◆ **DATASET ENTRIES**:
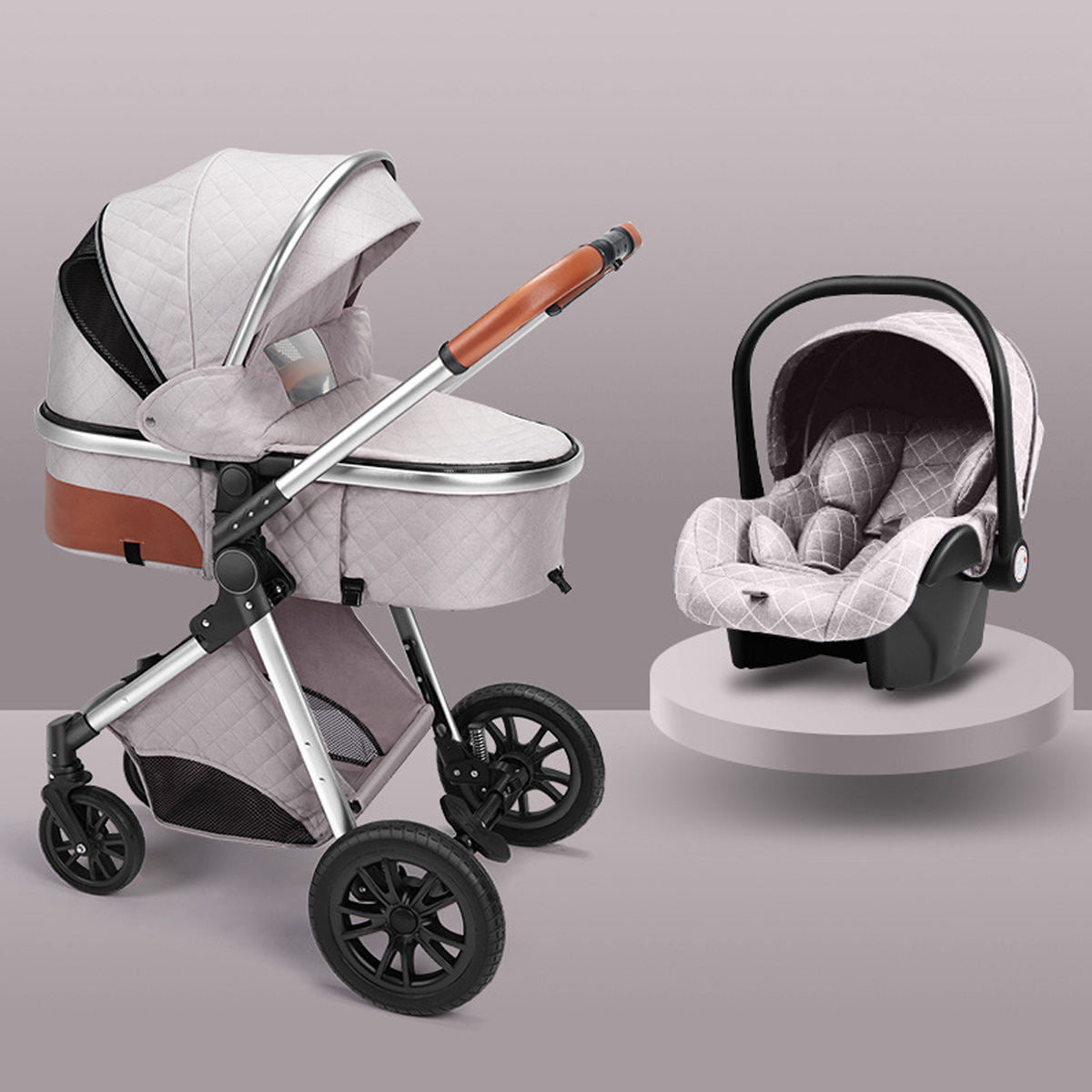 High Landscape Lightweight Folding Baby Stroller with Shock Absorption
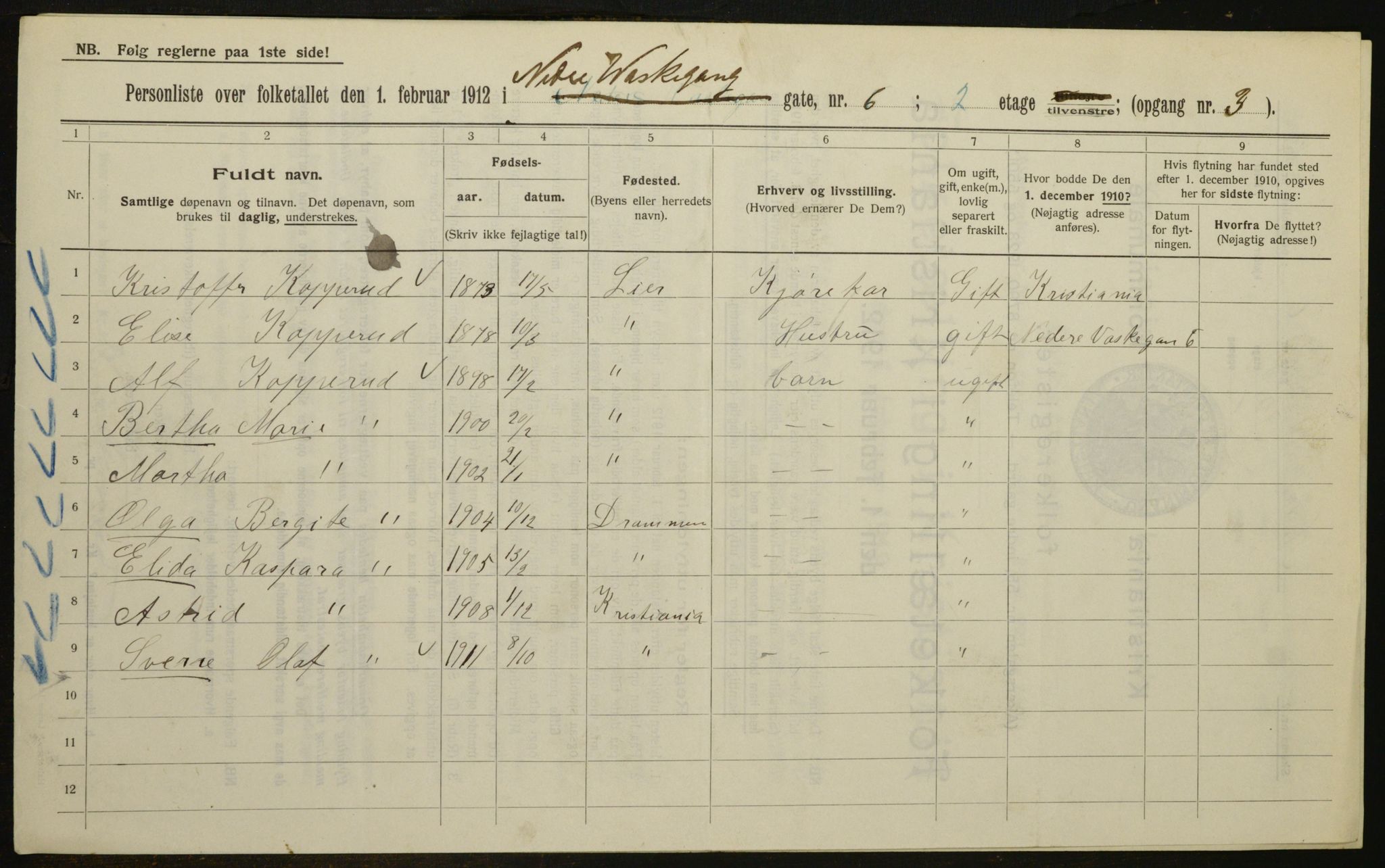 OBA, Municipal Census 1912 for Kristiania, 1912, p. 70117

* * *

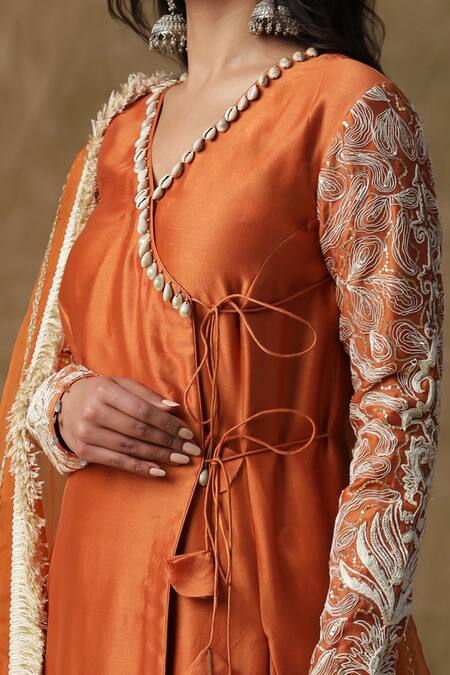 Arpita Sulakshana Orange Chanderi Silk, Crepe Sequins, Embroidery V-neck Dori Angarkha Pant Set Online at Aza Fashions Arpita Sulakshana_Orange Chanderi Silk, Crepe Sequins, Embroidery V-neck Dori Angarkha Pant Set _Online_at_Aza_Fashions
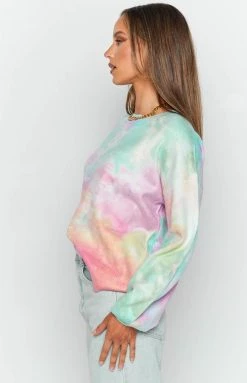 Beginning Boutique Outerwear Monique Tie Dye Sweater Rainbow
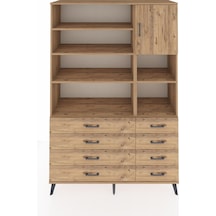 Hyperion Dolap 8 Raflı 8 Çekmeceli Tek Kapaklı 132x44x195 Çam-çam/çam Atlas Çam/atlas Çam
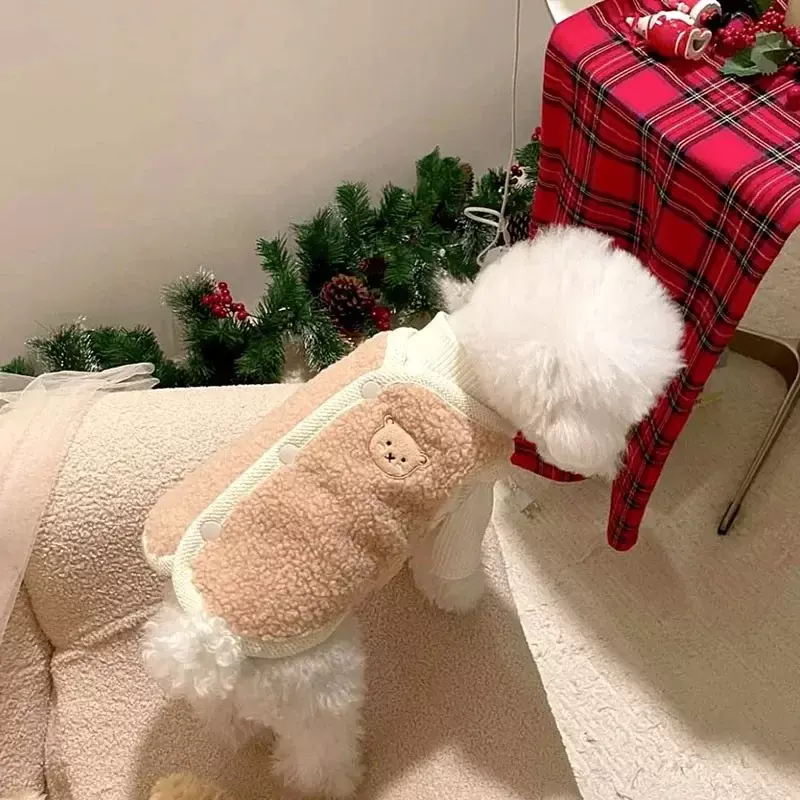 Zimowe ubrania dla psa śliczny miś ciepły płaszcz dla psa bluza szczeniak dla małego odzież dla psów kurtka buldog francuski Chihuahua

◆ **YOUR TASK**: Transcribe exactly the lines above, beginning at the one with "High Landscape Lightweight" and going up to and including the one with "OBA, Municipal Census". Pictures do not belong in the copy.

◆ **OUTPUT FOR THIS TASK**:
 High Landscape Lightweight Folding Baby Stroller with Shock Absorption
 OBA, Municipal Census 1912 for Kristiania, 1912, p. 70117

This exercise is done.